Much has been made this offseason of Pittsburgh Steelers wide receiver Markus Wheaton and where he will fit into the offense in his third season after serving as the primary player to line up opposite Antonio Brown for the majority of the 2014 season.
Specifically, the focus has been on the necessity for him to develop his game with respect to gaining yards after the catch, as evidenced by the fact that he averaged just 2.9 yards after the catch per reception during the regular season.
Even the team’s website put the focus on this issue, highlighting head coach Mike Tomlin’s stressing the point as he hounded Wheaton to turn upfield after securing the ball during practices in OTAs.
We even provided our own coverage on the topic, with myself and Alex Kozora delving deeper into the YAC stats to see what kind of story they tell, which turned out to be a mix of issues, including the nature of many of his targets.
But Wheaton is not the only Steelers receiver that would benefit from improving his ability to extend his gains after reeling in a pass.
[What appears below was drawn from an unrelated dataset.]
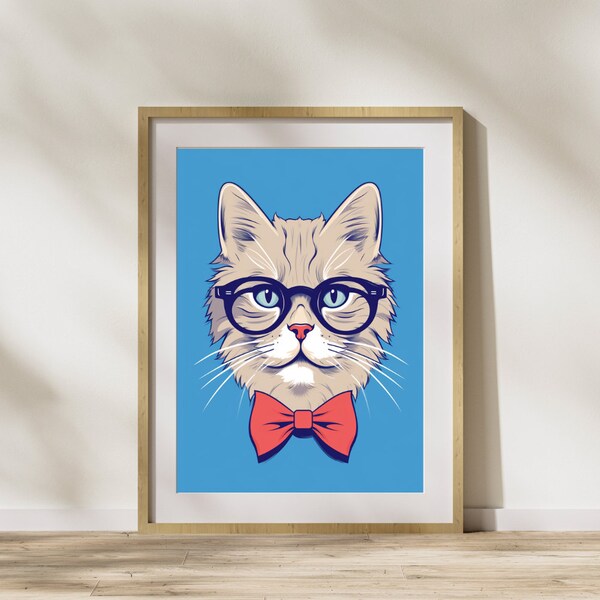 Cat Art Deco Etsy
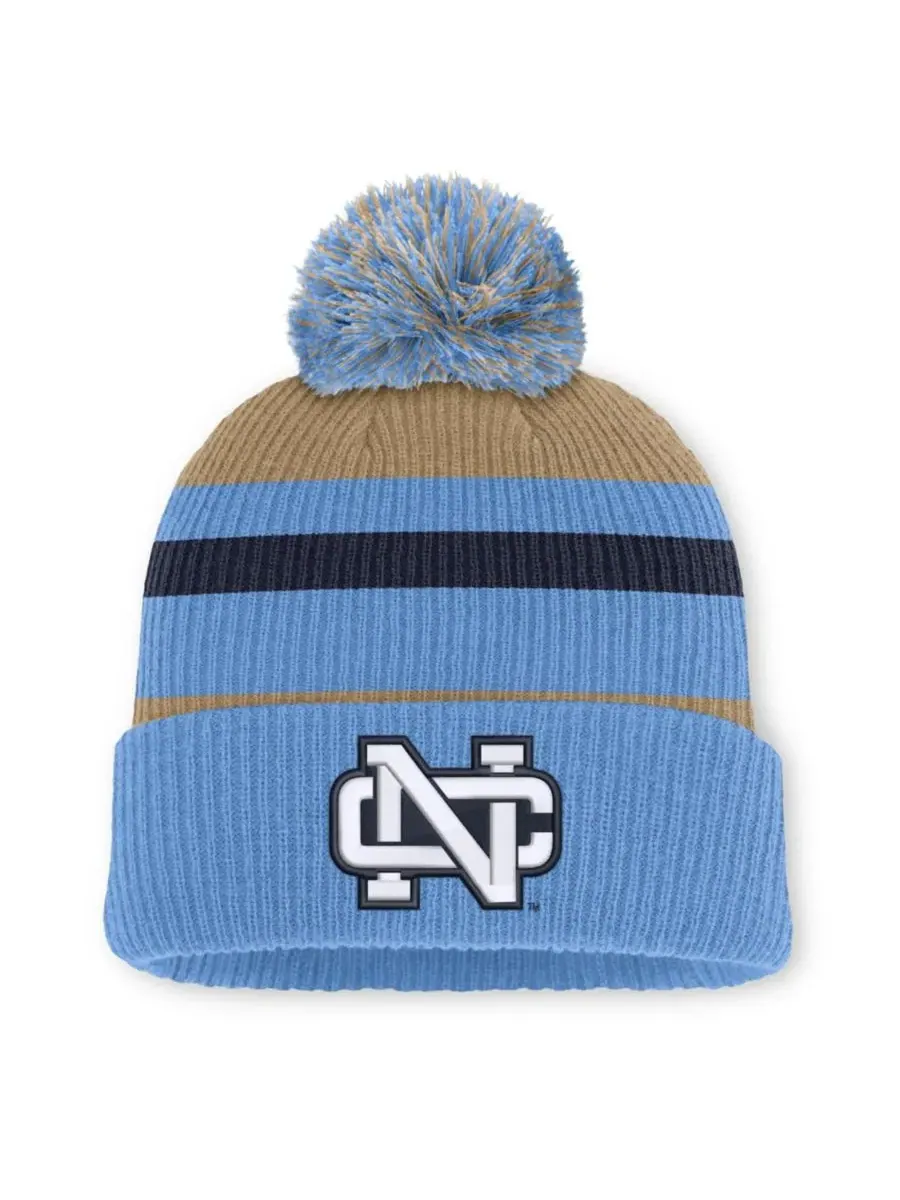Вязаная шапка с отворотом и помпоном Nike North Carolina Tar Heels Legacy Striped Cuffed Knit Hat — изображение 1 из 2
That proclamation would seem problematic when considering the fact that Martavis Bryant averaged 7.4 yards after the catch last season on his 26 receptions during the regular season, but that number is inflated by his long targets.
The type of YAC productivity that is being referred is not, of course, taking the top off the defense and simply winning in a straight-line footrace to the end zone. The topic at hand is turning short passes into long gains, which has not been Bryant’s game, and is not something that we saw much of during his rookie season.
But he has been working on it during this offseason in his pursuit of becoming the best player he can be. He has improved his hand speed through MMA training, which will help him secure the ball quicker and thus turn his eyes upfield quicker. He has bulked up, which will help him break more tackles of a physical nature.
But most especially, he has been working to improve his footwork, which was one of his major criticisms coming out of college, having been regarded as quite a raw prospect. He has taken to a popular wide receiver tactic of practicing his routes running on the sand.
Bryant told reporters that he has been doing this extensively this offseason in order to improve his mobility, which will help him better set himself up for running after the catch. This will in turn help the Steelers expand his usage by gaining trust in his ability to break off sizable gains off short passes, such as his 21-yard touchdown in the season finale that included 23 yards after the catch.
Todd Haley’s offensive system has largely been predicated on setting up plays to pick up yardage after the catch. They got away from that a bit last season by exploiting Bryant’s verticality (21 targets of 20+ yards, 39 total beyond 10 yards), but rounding out his game should help him stay on the field more consistently.